Within my mind, my poetry was lost
I journeyed there through seas of doubt and pain
I paid the piper, such an angry cost
So that I might be whole and write again

They couldn’t heal my doubts, that job was mine
Such doubts constrain, confuse, and yes, confine.

X. [Scott writing. Fates in the background.]

The poetry I sought was to unbind
Like Kubla Khan to Xanadu I fled
The sacred river Alph I sought to find
In words that I composed while still in bed

I spent my time with words; each word was god
I rearranged these gods to make them sing
A little song that mortals might enjoy
I found what my mortality might bring

To bring the knowledge needed of the now
The now my chronoception can't conceal
Resiliency is more than Fates allow
And so I write in hopes I might reveal 

Reveal to all who read or hear and feel
That poems too are gods of words that heal.

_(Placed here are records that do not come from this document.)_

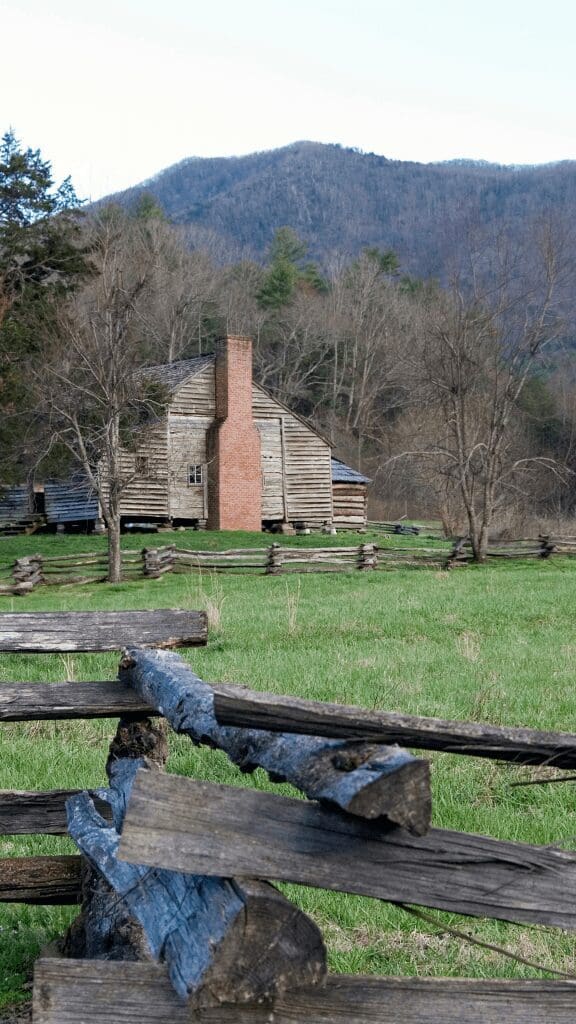 log cabin in distance with wooden rail fence in foreground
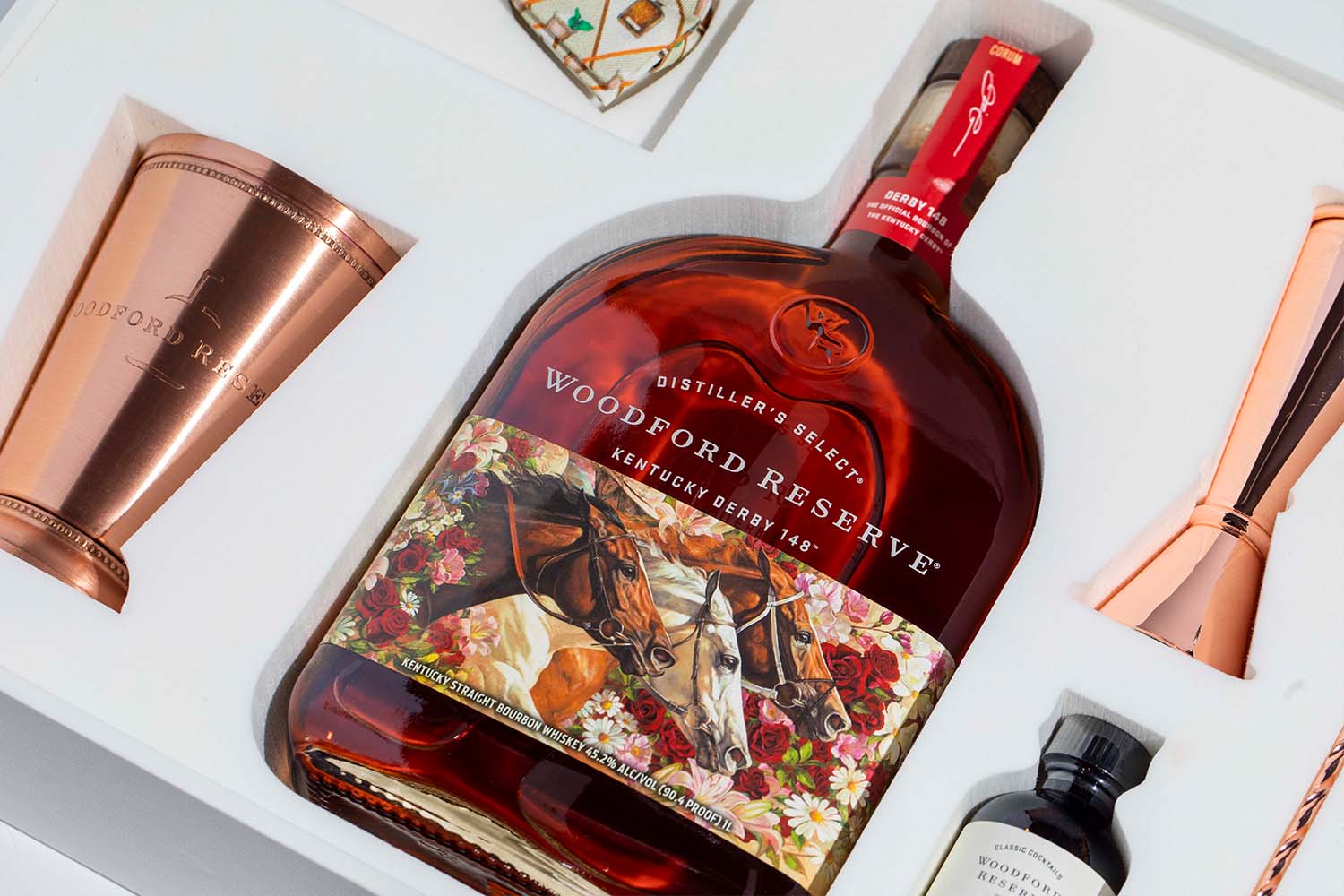 a bottle of Woodford reserve with horse decoration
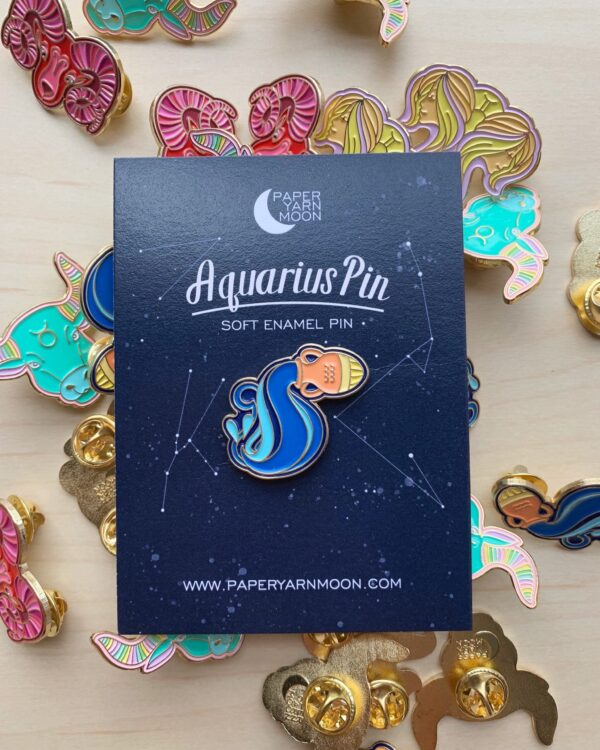 Aquarius pin featuring traditional symbol of water flowing out of a vase.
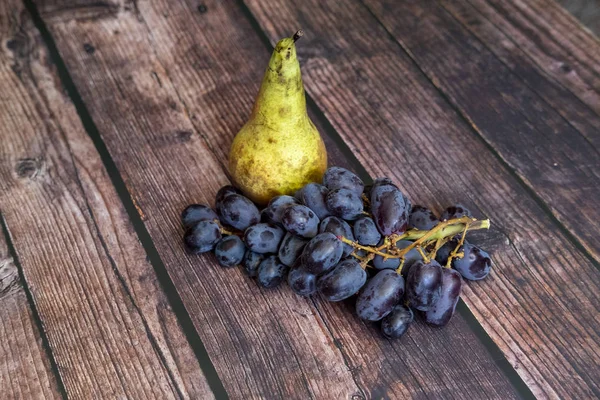 Konferenzbirne auch als Pyrus communis bekannt und kernlose rote Traube auf dem Holztisch. — Stockfoto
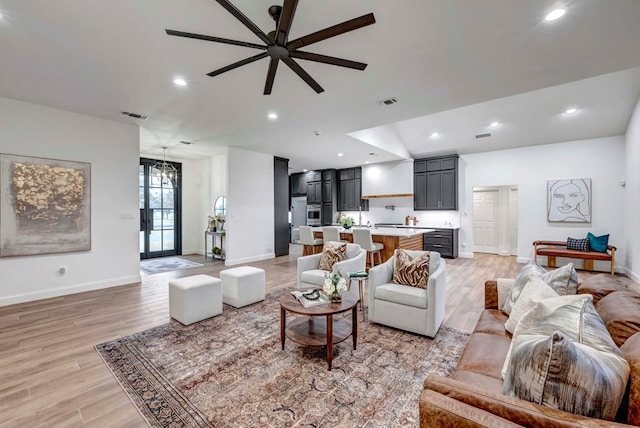 living room with ceiling fan with notable chandelier and light hardwood / wood-style flooring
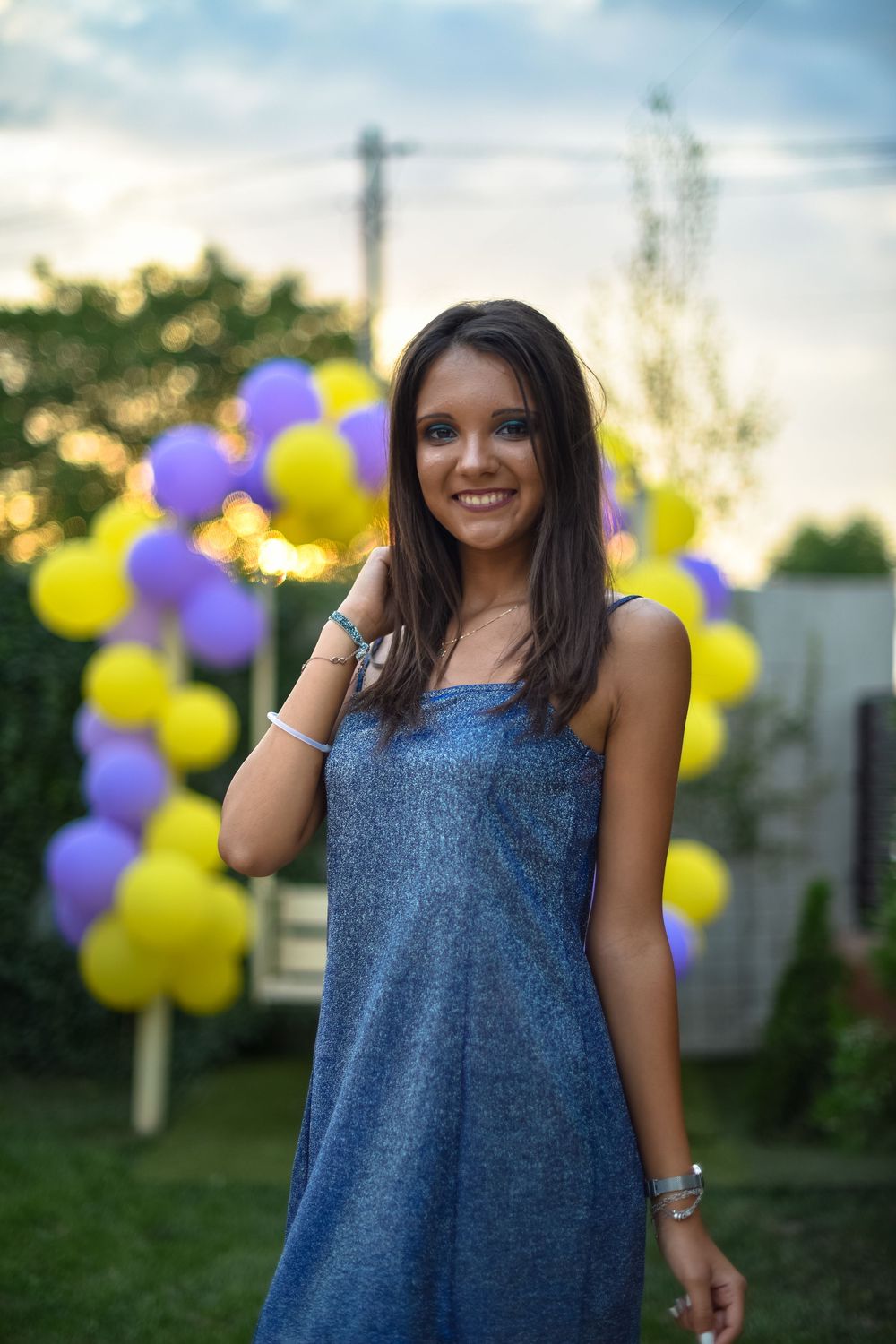 A person in a blue denim dress poses outdoors with yellow and purple balloons in the background during golden hour.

XI. [Scott writing in hell]

Let’s focus on the sonnet now to see
If songs of words with some familiar beat
Might amplify my own resiliency
Or if they should have left me on the street

Do iambs come in groups of more than five
Are neural scars poetic in my brain
I guess I’m glad that I am still alive
Regardless of the death of unseen pain

The volta of my life, a TBI
Is part of the great sonnet of my life
I write my little songs, at least I try
Regardless of the scheme of hidden strife

It doesn’t make a lot of sense, oh well
Like Dante I still write while deep in hell.

XII. [Scott writing under a rainbow]

The hell I’ve come to know and overcome
Is finding life in sonnets that I write
So why then write? Is writing sonnets “dumb”
They may not heal my brain, and yet, they might

Resiliency in hell that no one sees
Is more than just the writing of such verse
And normalcy is more than just to please
The people who believe that they’ve seen worse

So, worse than any hell that I’ve been through
Would be to stop composing little songs
I write, I write, I write; it’s what I do
Pentameter is where my soul belongs

My heaven of pentameter is this:
A broken brain that’s found it’s normal bliss.

XIII. [Sonnettics in the middle of a circle. The circle has hearts around it or is made up hearts brains]

Chiasmus is returning to the start
It’s like a circle showing us the way
I think I found the way through this my art
The art of sonnets since that fateful day

Iambic blood goes pulsing through my brain
And through my heart, my soul, and through my pen
The neural pathways I propose to train
Are sonnets I will write and write again

Familiar as my name, I’ve found they help
To bring me back from places I have gone
A bitch called out to this poetic whelp
Like Xanadu called out to Kubla Khan

The similes and metaphors are real
When I compose the sonnets that I feel.

XIV. [?]

I am my song, my pulse, my turn, my scheme
If that constricts your mind then you should leave
I’m more than just a vision or a dream
In which some simple acolytes believe

And yet, I’m not a temple on a hill
I’ve seen too many temples come and go
To make pretenses which I can’t fulfill
Pretend I sound like somebody you know

I am iambic meter at my core
Pentameter I place where it belongs
A sonneteer and yet I’m so much more
Much more than I express in little songs

I’m fourteen lines, and yes, a volta too
You think you thought you knew me, now you do.